Still, everyone that comes to Argentina has no other way to get here but through Ezeiza international airport. If you didn't notice the villas and shanty towns near by you probably were a bit distracted and had other things in mind. Just saying because they are there and are pretty obvious. Salta is also beautiful but very poor as well. Sure its not your friend's case, but it is one of the poorest provinces in spite of the very nice city they have. Most people just dont live there, but its what tourist see the most.

"So is it possible that crime is in BA just like all other big cities and it's mostly in low income, poor neighborhoods, where you find drug dealers and low life?"

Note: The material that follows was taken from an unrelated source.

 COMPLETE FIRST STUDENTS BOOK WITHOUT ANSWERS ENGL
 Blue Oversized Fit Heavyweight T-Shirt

Our problem is much greater than that. Not sure when you visited, but I was filming this week for the GTA course, some of the protests and roadblocks in the capital district, you just cant avoid noticing wahts going on unless your blind... and deaf (the constant banging of the durms by protestors and firecrackers is impossible to miss)
The problem isn't hat we have a few bad areas. The problem is that, other than a few heavily policed ares, the rest of the country is no man's land. No, you wont see Mel Gibsson in his Mad Max costume, what I mean by no man's land is that people still work and do their business, but crimes are committed during day and night without punishment or preventive measures being enforced efectively.


Anonymous said...

The US Govt will bring in Mercenaries from Africa, Asia and the Subcontinent to quickly slam dunk any kind of insurrection. They won't get them from Latin America for fear they might side with US latinos while an Ugandan would quickly gun down a black looter. They are being trained right now. This whole concept was used by the Romans, Soviets, and Brits. Gruesome staged violent acts to turn one ethnic group against each other like the Indo/Pak division. If Cisco, and MicroS0ft aided the People's Liberation Army in tracking people's political internet usage, it was just a dressed rehersal for what will happen in N. America. All the Global Elite wanted from Argentina was their food and to payback for not following through with the desires of the league of nations. They have far worse pland for the US.

Anonymous said...

The USA will be easy pickings. Students just laid down and let crazed gunman pick them off one by one in a number of school shootings. Nobody tried to jab a pencil in their eyes or surprise him/them. Only in big cities do people take security seriously. Henry Kissinger in Bern Switzerland spoke of how Los Angelans will be so thankful of the UN troops when they stop the looters. Argentina did not happen by accident in 12/01. In TV terms, 9/11 was the superbowl and the Argentine meltdown was like a Black & White rerun on the latino channel that nobody noticed in the US.